El Mar Menor es una rareza. Una laguna costera hipersalina, de aguas transparentes porque tenía muy pocos nutrientes. No existe nada igual en el Mediterráneo occidental. Su destrucción es la mayor catástrofe ecológica que está sufriendo este país. Y es la crónica de una muerte anunciada desde los años 90 del pasado siglo, pero que entró en su fase crítica a partir de la primavera de 2016.

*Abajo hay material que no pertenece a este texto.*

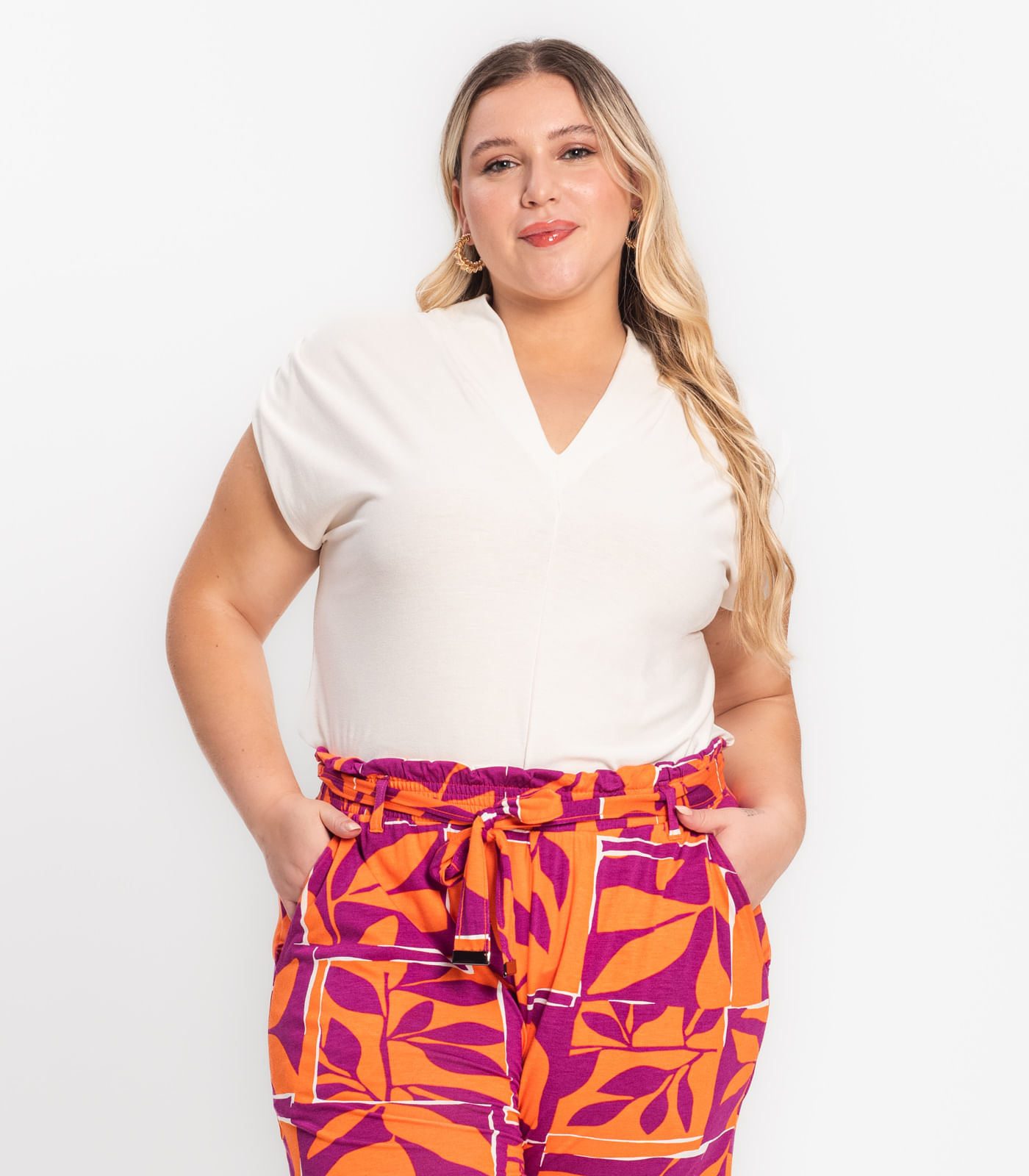 Regata Feminina Plus Size Secret Glam Bege Secret Glam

"Estamos en la rambla de Mendoza, junto al pueblo del Llano del Beal. Lo que se ve a mi espalda parece una montaña abarrancada, pero son residuos de la minería que debían haber sido limpiados hace treinta años por la empresa propietaria del terreno. En contacto con el agua, estos residuos generan unos lixiviados muy ácidos y con una elevada concentración de metales pesados. Las lluvias los arrastran hasta la desembocadura de la rambla, en el humedal protegido de Lo Poyo, y acaban en el sur del Mar Menor a razón de 3700 toneladas al año. Hemos comprobado que las medusas, que forman parte de la cadena trófica, presentan concentraciones de cadmio, plomo, azufre y arsénico".

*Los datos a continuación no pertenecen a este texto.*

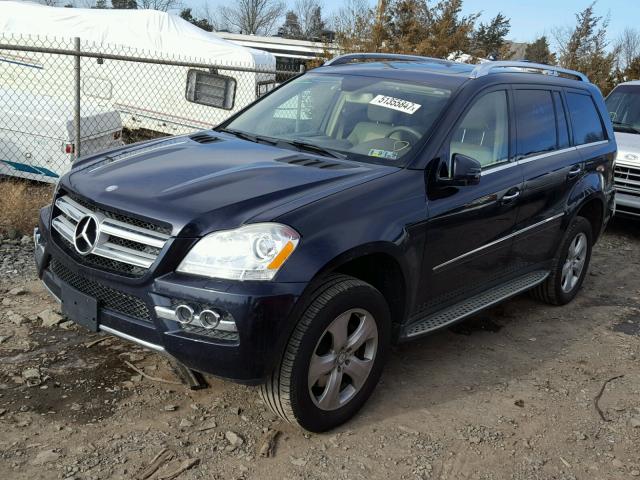 4JGBF7BE5BA630419 - 2011 MERCEDES-BENZ GL 450 4MA BLUE photo 2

La laguna atrae a medió millón de residentes en verano que tiran de la cadena. El mantenimiento de alcantarillados y depuradoras deja mucho que desear. Y colapsan con las lluvias torrenciales. Y en esta comarca, una de las más áridas de España, solo llueve torrencialmente. El 15 por ciento de los vertidos al Mar Menor son residuos urbanos.

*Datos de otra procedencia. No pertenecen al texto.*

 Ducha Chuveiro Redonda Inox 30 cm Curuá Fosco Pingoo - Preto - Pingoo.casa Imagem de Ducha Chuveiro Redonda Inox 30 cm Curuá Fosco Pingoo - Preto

Pero el 85 por ciento restante proviene de la agricultura. La llegada del trasvase Tajo-Segura, en los 80, le cambió la cara al campo de Cartagena, un secano de algarrobos y almendros, asociado a molinos de viento para extraer agua de pozos, ha ido transformándose en una sofisticada máquina de regadío capaz de sacar adelante cinco cosechas al año. La misma empresa que planta las semillas y recolecta las lechugas, las envasa sobre el terreno, las comercializa y las pone en un supermercado de Liverpool o Hamburgo al día siguiente. Hay 60.000 hectáreas cultivadas. Unas tienen concesión de agua, otras no.